Living in Leningrad (today Saint-Petersburg) in 1941, she finished Leningrad State University and was then mobilized for the children's evacuation from besieged Leningrad. She worked as a tutor until 1944 in a remote village in the Sarmanovsky District of the Republic of Tatarstan. There, she discovered Tatar art. The singularity and charm of Tatar art fascinated her for years, especially the origin of some elements of the art, the character of national clothes, and utensils.

She spent many years of work in museum fonds in Kazan, Volga region, and other cities. In 1972, after 25 years of work, she published the Kostyumi Kazanskikh Tatar (National Clothes of the Kazan Tatars), an illustrated history book. It is considered a premier work in this field.

At the same time as began to work as an artist in TGTO&B, she became a follower of Pyotr Tikhonovich Speranski, a scenographer and the creator of Tatar national decorative art. She would later marry him. She finished Art College in 1953. The first playbill containing her name appeared in 1946. From 1953 to 1957, Speranskaya worked as chief artist in Kazan Dolls Theatre. After 1957, she worked as a stage-art director in Kazan theatres, and she was invited to other cities of the Russian Federation (Ijevsk, Chelyabinsk, Cheboksary, Yoshkar-Ola, Siktivkar, Petrozavodsk, Moscow, etc.). She worked on more than 100 theatre productions. She became famous as a scenographic producer and master of scenic and national clothes.
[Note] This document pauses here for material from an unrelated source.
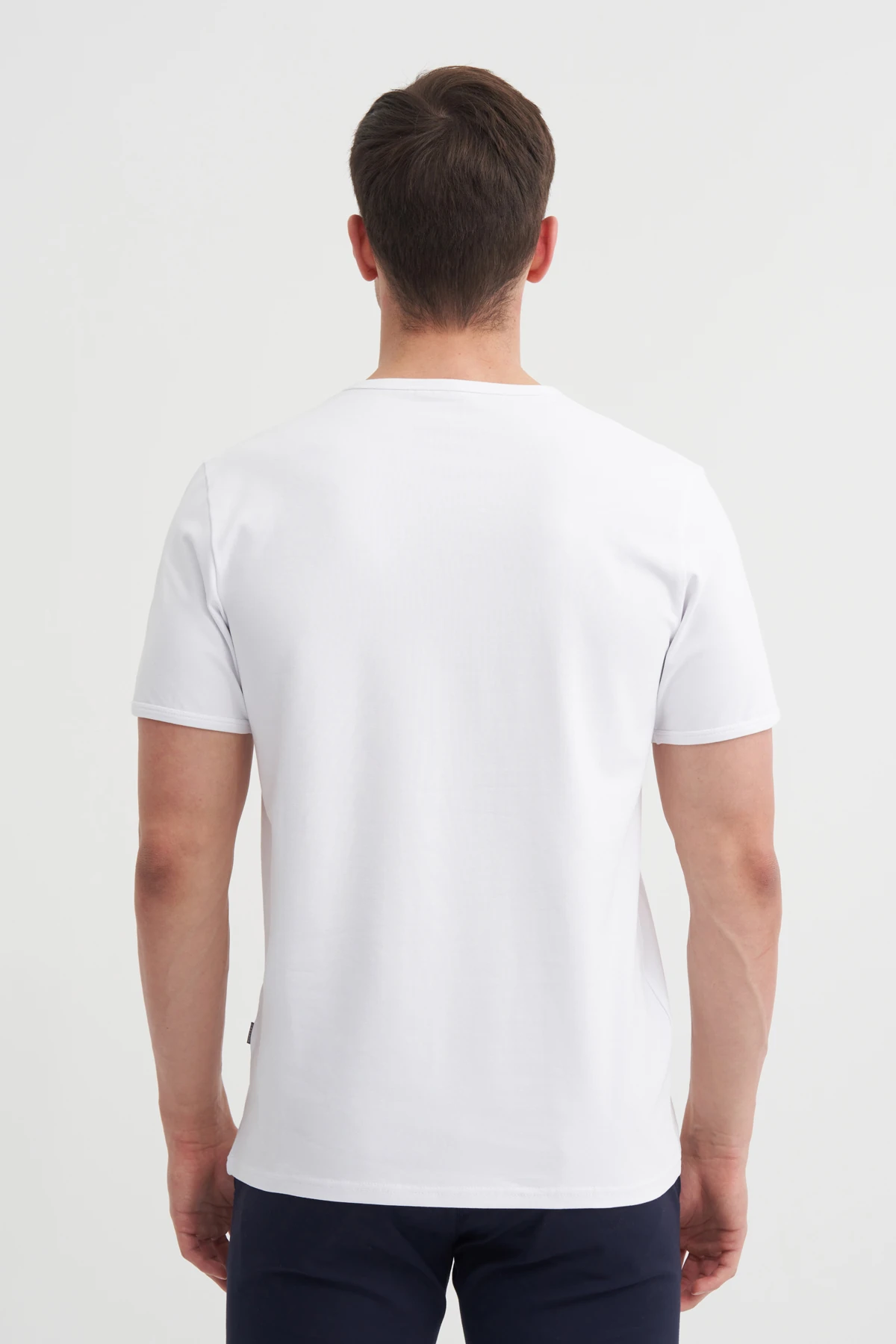 CAZ 4619 V Yaka Basic Erkek Tişört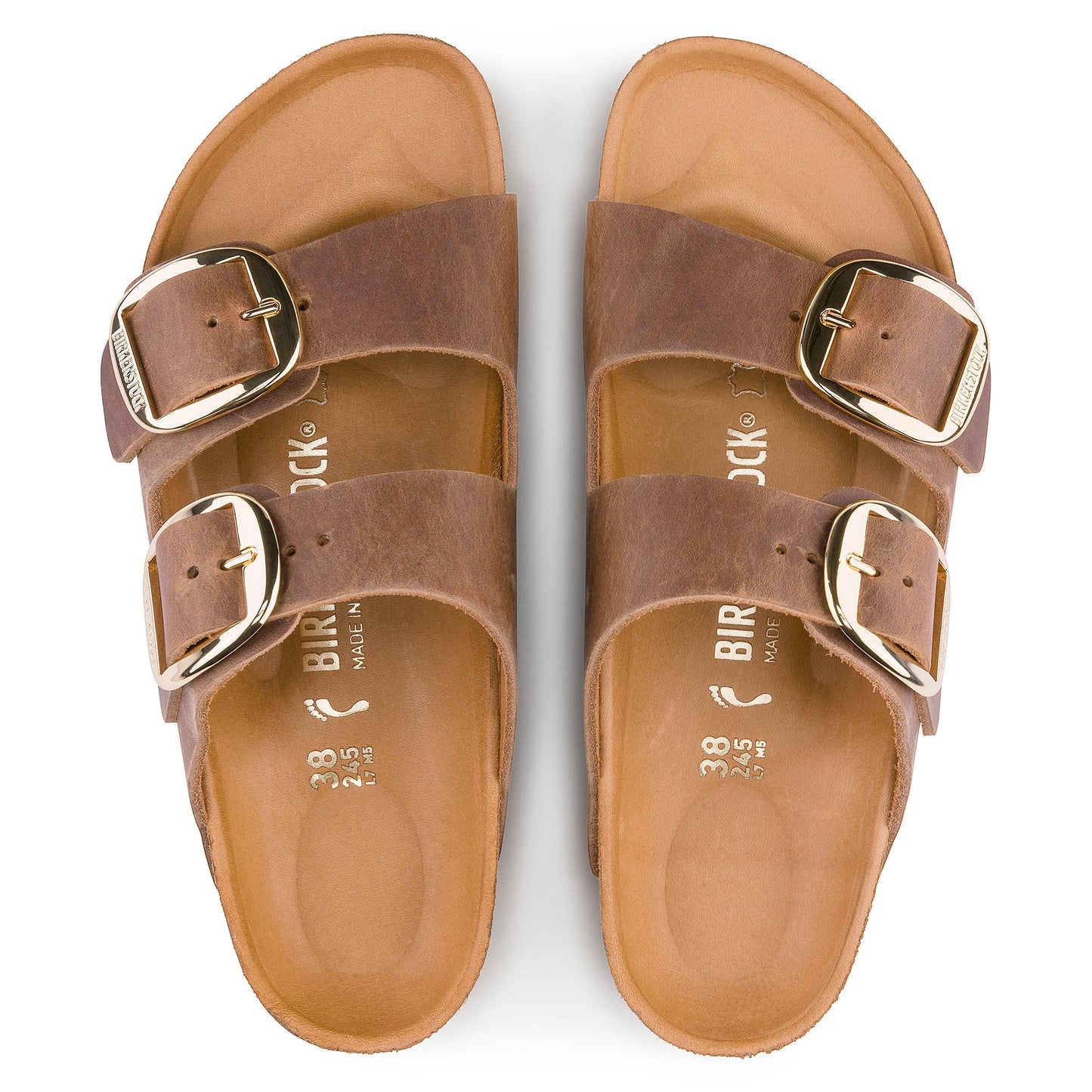 Birkenstock - Women's Arizona Big Buckle - Oiled Leather - Cognac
Her theatre and scenic costumes as a rule turn to character with its own psychology, national characteristics and spirit of the time. Speranskaya was a constant participant in different theatre art exhibitions in Tatarstan, Russia, the former Soviet Union and international exhibitions. She has a diploma for participation in the Russian Exhibition Bolshaya Volga (The Great Volga).